El maravilloso paisaje de la Toscana es el escenario ideal donde transcurre Belleza robada (1996), una historia de juventud y descubrimiento que protagonizan Jeremy Irons y Liv Tyler en una suerte de sensual Lolita (curiosamente un año más tarde, el propio Irons será el Humbert Humbert de la deplorable versión que del texto de Nabokov hizo Adrian Lyne). El Bertolucci más íntimo vuelve en Asediada (1998), la historia de amor entre un pianista solitario y su empleada de hogar, una refugiada africana que llega a Europa huyendo de la dictadura que acaba de instaurarse en su país, una película que tal vez hubiese merecido mayor reconocimiento del que finalmente recibió.

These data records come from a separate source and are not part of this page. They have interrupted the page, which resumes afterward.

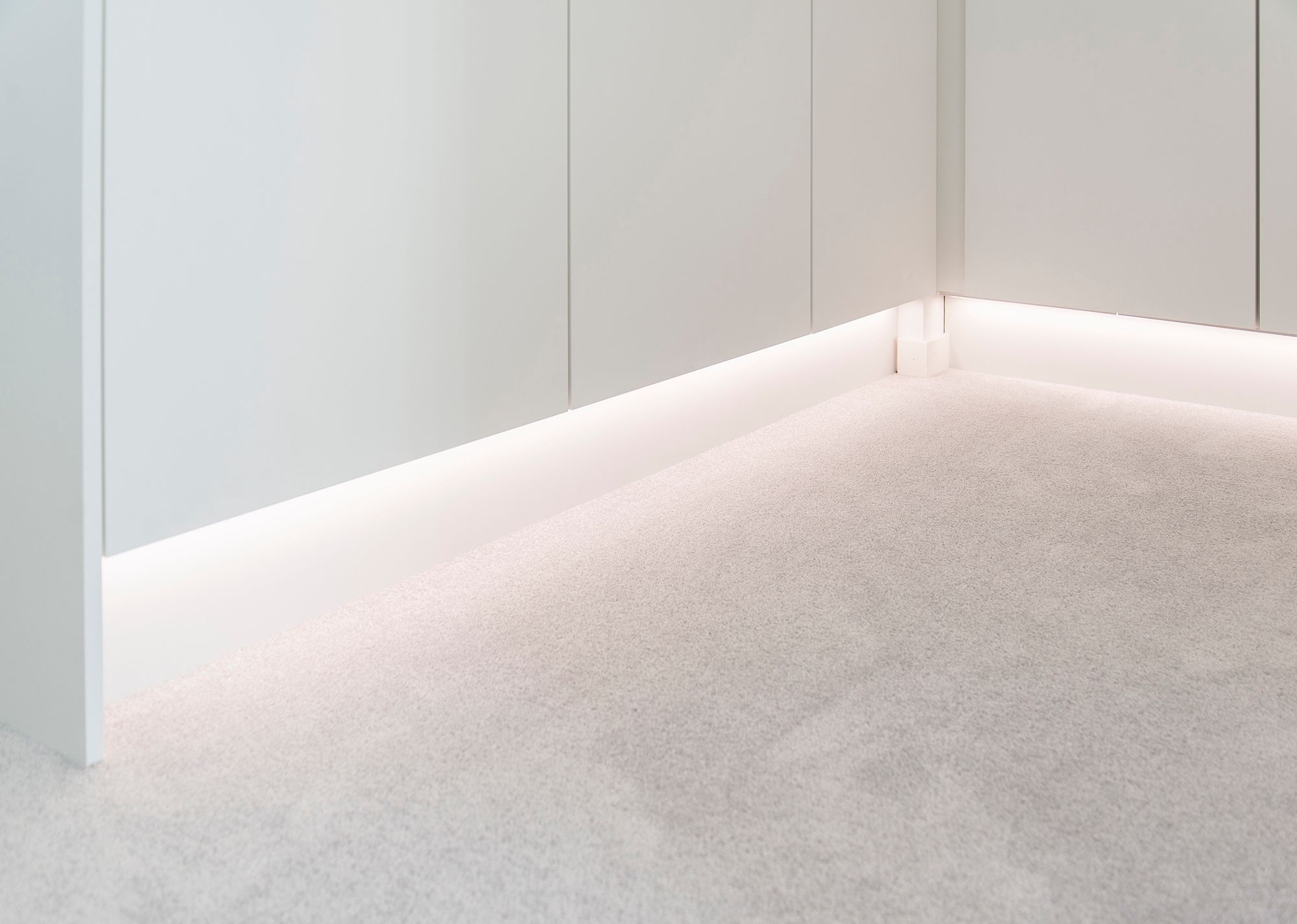 A LED strip light at the base of a wardrobe, illuminating indirect, atmospheric light. Light colour temperature 4000K Ledstore.fi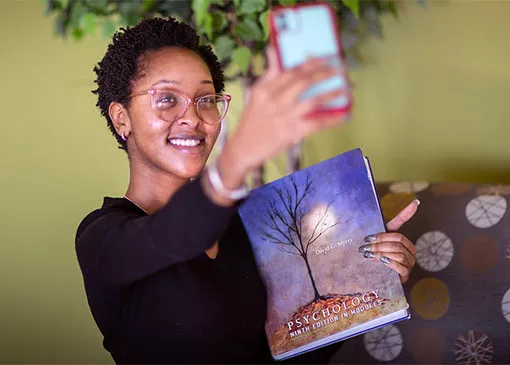 proud student takes selfie with textbook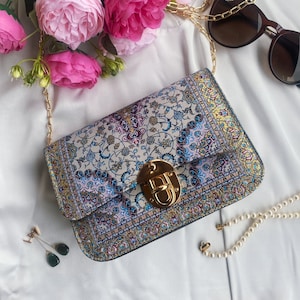 May include: A rectangular handbag with a gold chain strap and a gold clasp. The bag features a floral pattern in shades of blue, pink, and gold. The background includes pink flowers, sunglasses, earrings, and a pearl necklace.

Bertolucci comienza el siglo XXI poniendo en marcha el retrovisor y evocar su juventud y su experiencia en los sucesos del mayo francés de 1968. Soñadores (2003) es además un curioso ejercicio cinéfilo en el que el director rinde tributo a sus grandes referentes de siempre, con especial atención a los maestros de la nouvelle vague (con su admirado Godard a la cabeza), pero también a Chaplin, a Keaton o a Todd Browning. El trio protagonista, tan obsesionado por el cine como por el sexo, siempre el sexo, remite a los personajes de la mítica Banda aparte en un film que además nos sirvió para descubrir el talento y la belleza de Eva Green.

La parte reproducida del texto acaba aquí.